1. The PRS23 chatter is a polynomial-fit limit, not a controller bug. Step 15 of jorbit’s PRS23 run starts at day ≈92.24 with dt ≈ 5.77 d — a valid quadrature target (the step boundary matches forced-landing to ~0.4 m, consistent with PRS23’s 1e-9 tolerance), but a 5.77-day-wide window over which the 7th-order dense-output polynomial cannot represent the pre-flyby Earth-approach a(t) accurately. Inside the step the polynomial wiggles by ~1 m between the Gauss-Radau interior nodes, even though it fits a(t) at those nodes by construction. Mitigations (tighter SAFETY_FACTOR, smaller IAS15_EPSILON, or replacing _next_proposed_dt’s estimator) are listed in Section 2 but not adopted here.
2. The GLOBAL step-count gap is driven by a 316× b6 difference at the post-flyby IC, and that difference is not in the integrator’s arithmetic. At the same IC, same dt, same force model, jorbit’s max|b6| is 316× REBOUND’s at dt = 0.001 (and 465× at dt = 0.1). Section 4 shows jorbit’s predictor _estimate_x_v_from_b reproduces REBOUND’s per-substep (x_pred, v_pred) to ≤½ ULP across all 28 substeps of sim4. Section 5 shows each code’s PC arithmetic is bit-faithful to a 75-digit mpmath transcription given that code’s own at sequence — diffs at the FP rounding floor of at-scale arithmetic.

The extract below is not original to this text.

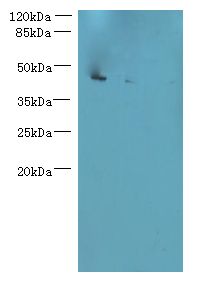 L3HYPDH / C14orf149 Antibody - Western blot. All lanes: L3HYPDH antibody at 8 ug/ml. Lane 1: HepG-2 whole cell lysate. Lane 2: A549 whole cell lysate. Lane 3: Mouse kidney tissue. Secondary Goat polyclonal to Rabbit IgG at 1:10000 dilution. Predicted band size: 38 kDa. Observed band size: 38 kDa.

So the disagreement enters before the predictor and is preserved through the PC: it is in the gravity that produces the at sequences themselves.

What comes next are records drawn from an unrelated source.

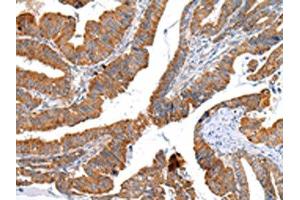 The image on the left is immunohistochemistry of paraffin-embedded Human esophagus cancer tissue using ABIN7193075(XKR4 Antibody) at dilution 1/20, on the right is treated with synthetic peptide. (XKR4 anticorps)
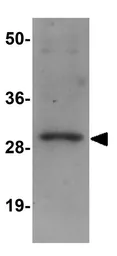 Anti-TINP1 antibody used in Western Blot (WB). GTX85188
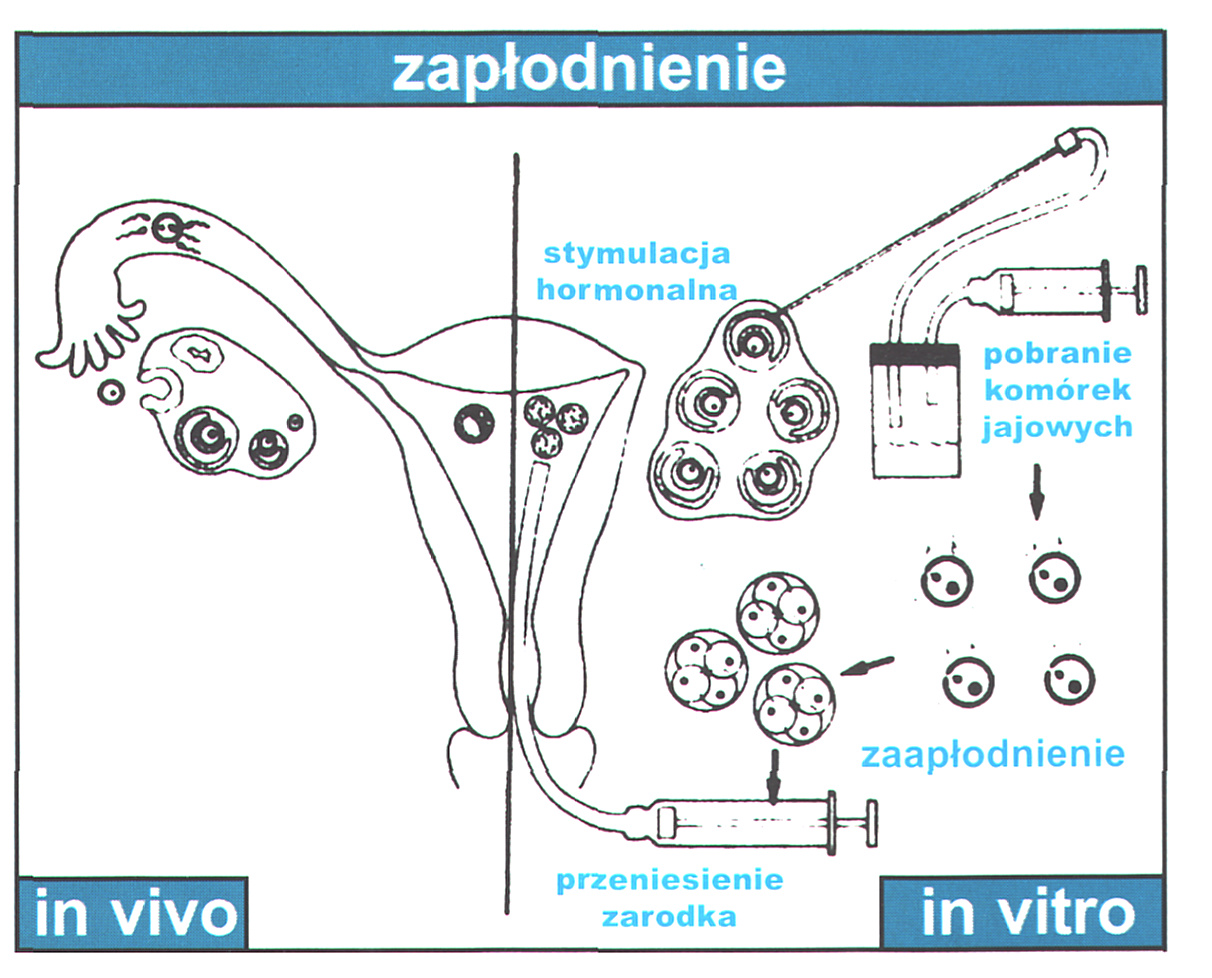  Ryc. 3. Nieprawidłowa (triploidalna) zapłodniona komórka jajowa. Widoczne są trzy przedjądrza. Każde przedjądrze zawier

3. The static-IC component of the gravity disagreement is in Earth harmonics; the substep-VARYING part (which is what actually drives b6) is unlocalized in this notebook. Section 6’s snapshot peel finds |Δa| ≈ 6×10⁻¹⁵ AU/d² after Earth J2/J3/J4 is added — four orders of magnitude above the prior subsets, which sit at ~10⁻¹⁸. But snapshot Δa is a constant offset between codes that cancels in the substep-difference signal at(h_n) - a(0) that b6 is fitted to. Memory’s Phase 11 records that the b6 ratio jumps at 02_planets_newt (5×→315×) — i.e. the substep-VARYING disagreement lives in the planet contributions, almost certainly in JPL-ephemeris evaluation at substep times. Reproducing that finding cleanly requires per-component substep dumps that the bundle does not currently include.
Open follow-up#
Extend the bundle’s instrumentation: for each of the seven force-model subsets in Section 6, capture at at every Gauss-Radau substep of one IAS15 step at the post-flyby IC. Then compare at(h_n) - at(h_0) between jorbit and REBOUND, per component. The component at which the substep-VARYING Δa first jumps is the locus of the b6 disagreement. Most plausible suspect: the JPL ephemeris reader path — jorbit’s JAX EphemerisProcessor.state(t) and ASSIST’s C reader of linux_p1550p2650.440 evaluate the same Chebyshev coefficients at slightly different fp64 paths, and the substep-time differences are what survive the difference operation.